4.  Indemnity. The Company shall to the fullest extent allowed by law indemnify and hold harmless Employee from any and all losses, costs, damages, expenses, claims, or charges (including advancing within 15 days of Employee’s demand reasonable attorneys’ fees and costs) arising out of or in any way connected with Employee’s employment with the Company and Employee having served as an officer and director of the Company for any actions or omissions to act during and within the reasonable scope of his employment in such capacities. This provision applies irrespective of whether insurance covering such losses, costs, damages, expenses, claims, or charges is available. Notwithstanding the foregoing, the Company shall not be obligated to indemnify and hold harmless nor advance any fees or costs in the event of a final non-appealable decision of a court of competent jurisdiction the Employee has committed fraud against the Company or willful misconduct.
 
5.  Future Cooperation. Employee agrees to fully cooperate with the Company, its financial and legal advisors, in connection with any business matters for which the Employee’s assistance may be required and in any claims, investigations, administrative proceedings or lawsuits which relate to the Company and for which Employee may possess relevant knowledge or information. Any travel and accommodation expenses incurred by the Employee as a result of such cooperation will be reimbursed in accordance with the Company’s standard policies.
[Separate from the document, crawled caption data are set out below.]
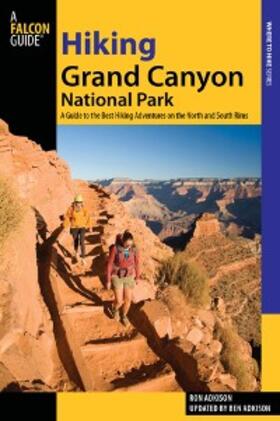 Adkison |  Hiking Grand Canyon National Park | eBook | Sack Fachmedien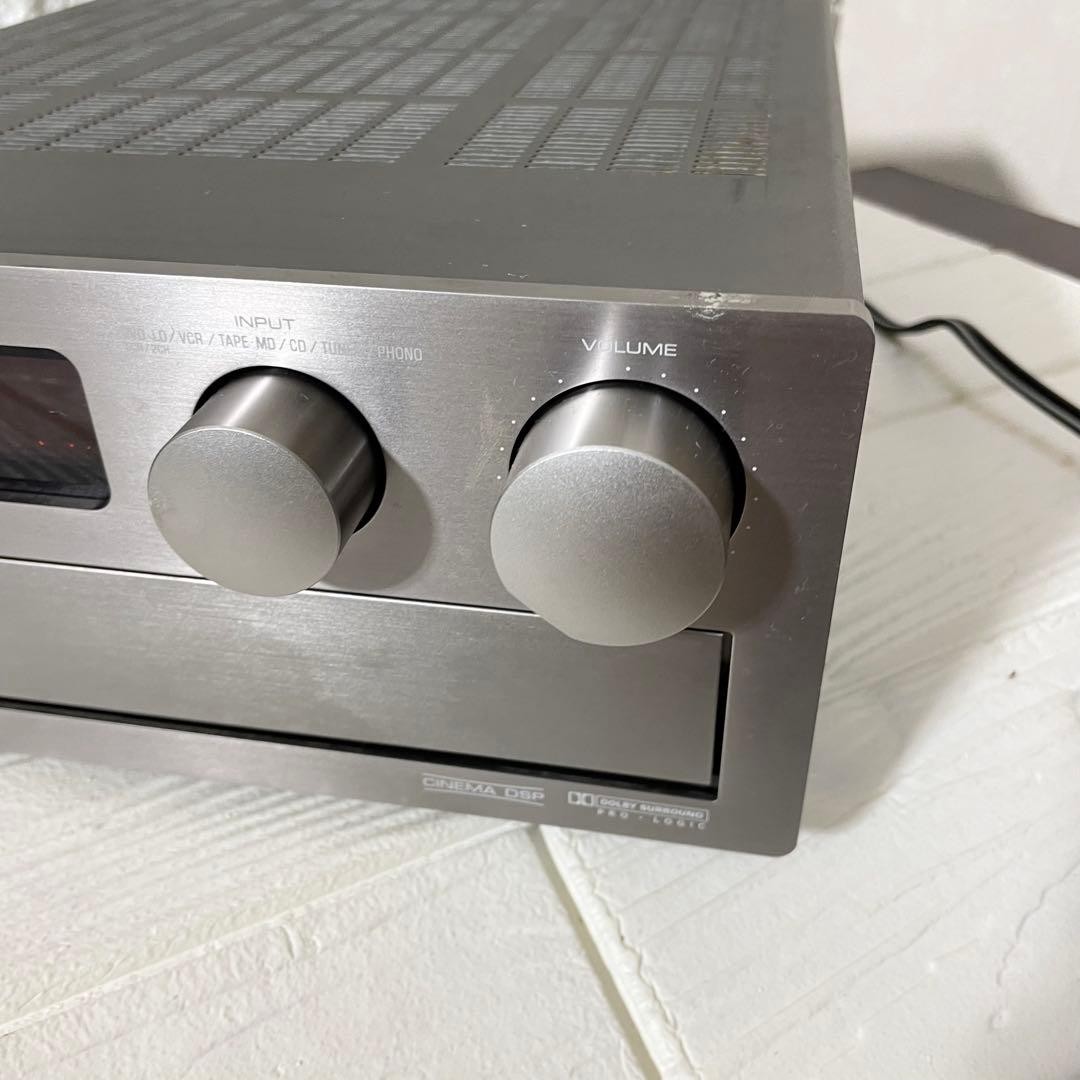 YAMAHA RX-V10 DSP AV RECEIVER TESTED FUNCTIONAL 5.1CH DOLBY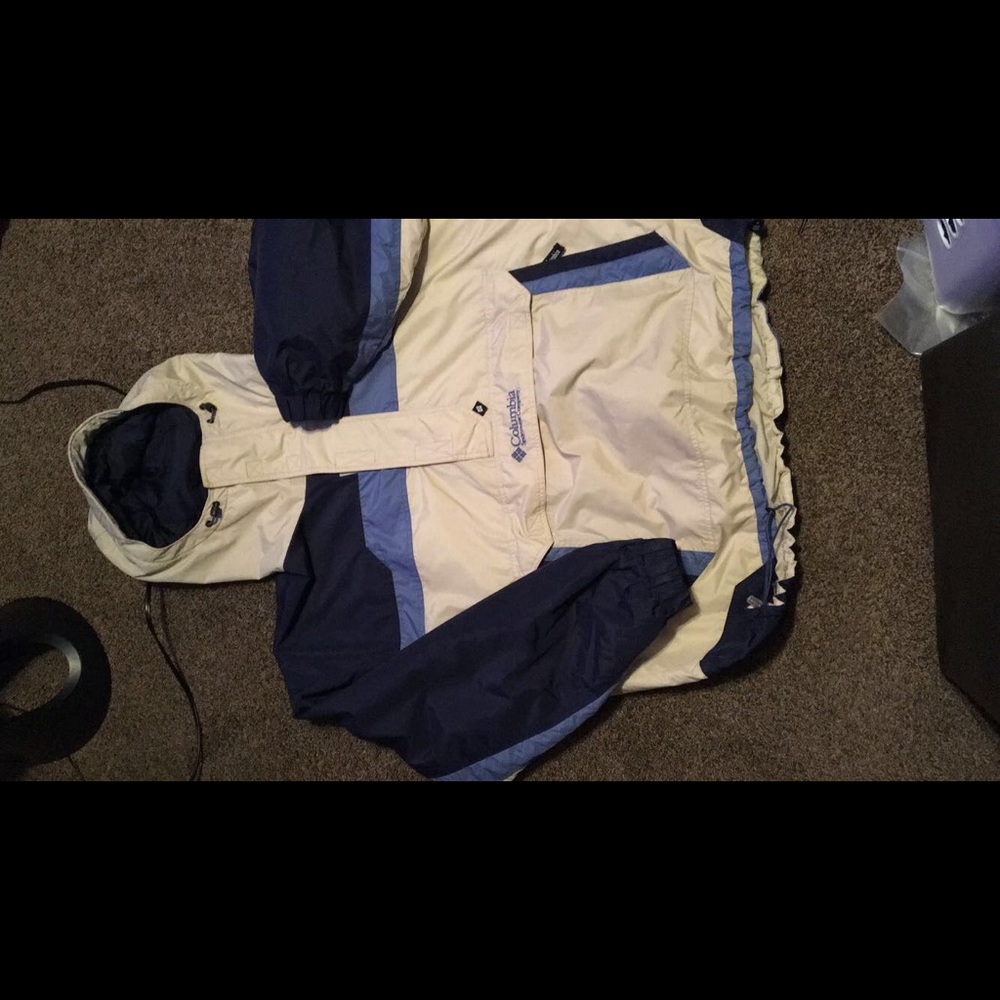Women's Columbia jacket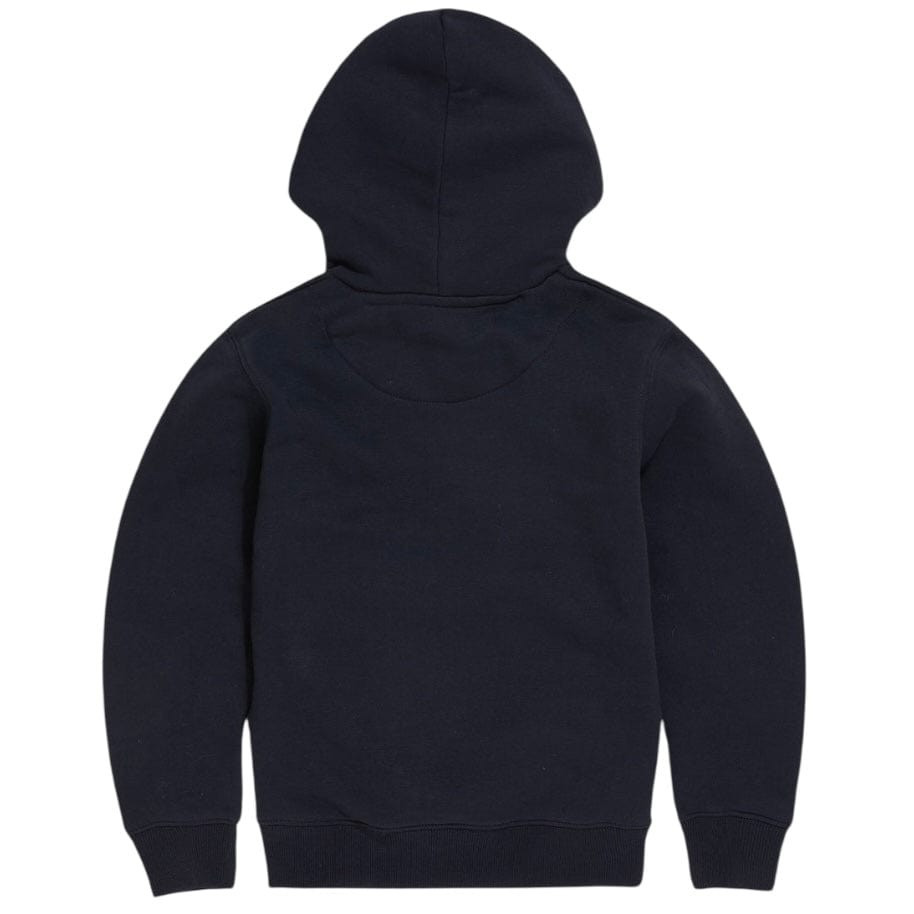 Kids See You In Paradise Tonal Pullover Hoodie (Navy) 8899HK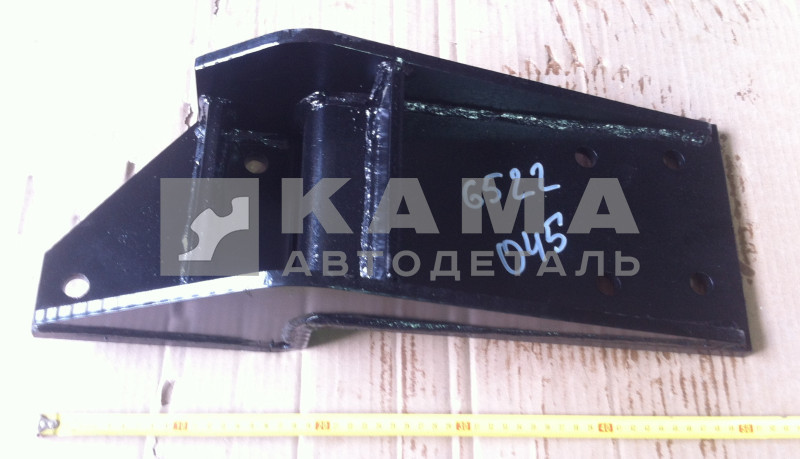 кронштейн РК подвески 6522-1801045 (реакт.штанги "большой")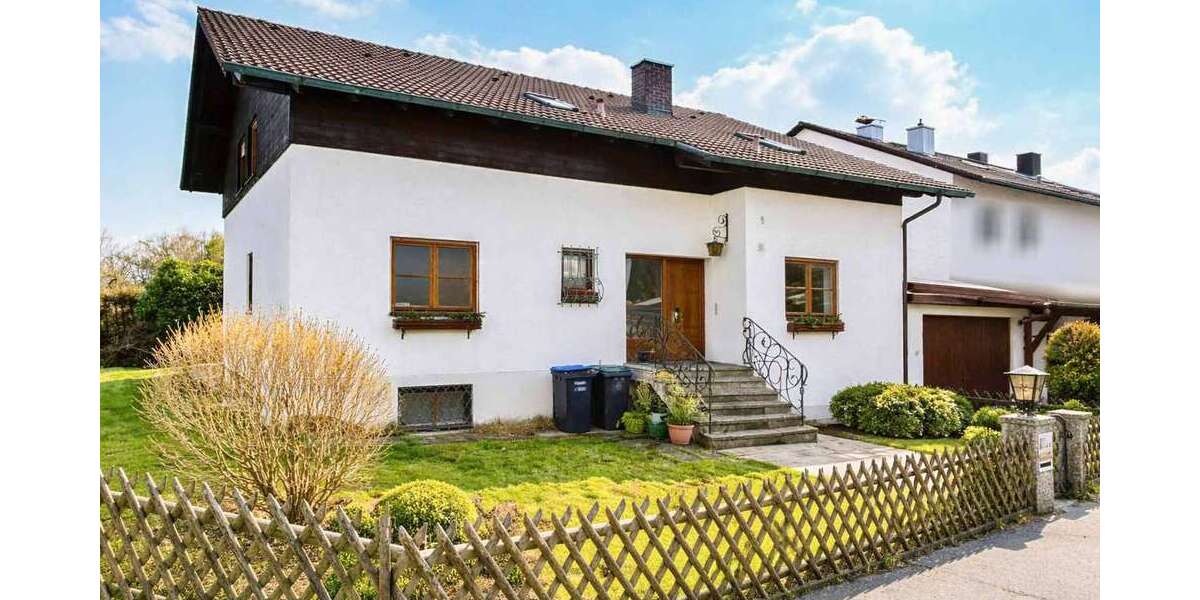 Einfamilienhaus Kolbermoor - 7 Zimmer, 218 m&sup2;, 720.000&euro; | Angebot:26908123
Neither this Agreement nor any action taken or required by the Company to be taken, may be modified, amended, rescinded or revised by any subsequent action of the Board of Directors of Company or any other action.
 
6.  Company Information and Property. Employee agrees to return immediately to the Company all Company property and information in his possession including, but not limited to, Company reports, customer lists, supplier lists, consultant lists, formulas, files, manuals, memoranda, computer equipment, access codes, discs, software, and any other Company business information or records, in any form in which they are maintained, including records or information regarding Company customers, suppliers and vendors, and Company products and product development. Company agrees Employee may retain a single archival and confidential copy in order to assist Employee and Company in an orderly transition of duties, and for the purpose of Employee’s continuing cooperation with the Company. Employee further agrees that he will not, in any manner, make use of any Company property and information in any future dealings, business or otherwise. Employee acknowledges that any breach of this section would cause irreparable injury to the Company for which there is no adequate remedy at law and in addition to any remedies that may be available to the Company in the event of a breach or threatened breach of this section by Employee, including monetary damages, the Company shall be entitled to obtain a temporary restraining order and/or a preliminary or permanent injunction which would prevent Employee from violating or attempting to violate the provisions of this section of the Agreement. In seeking such an order, any requirement to post a bond or other undertaking shall be waived.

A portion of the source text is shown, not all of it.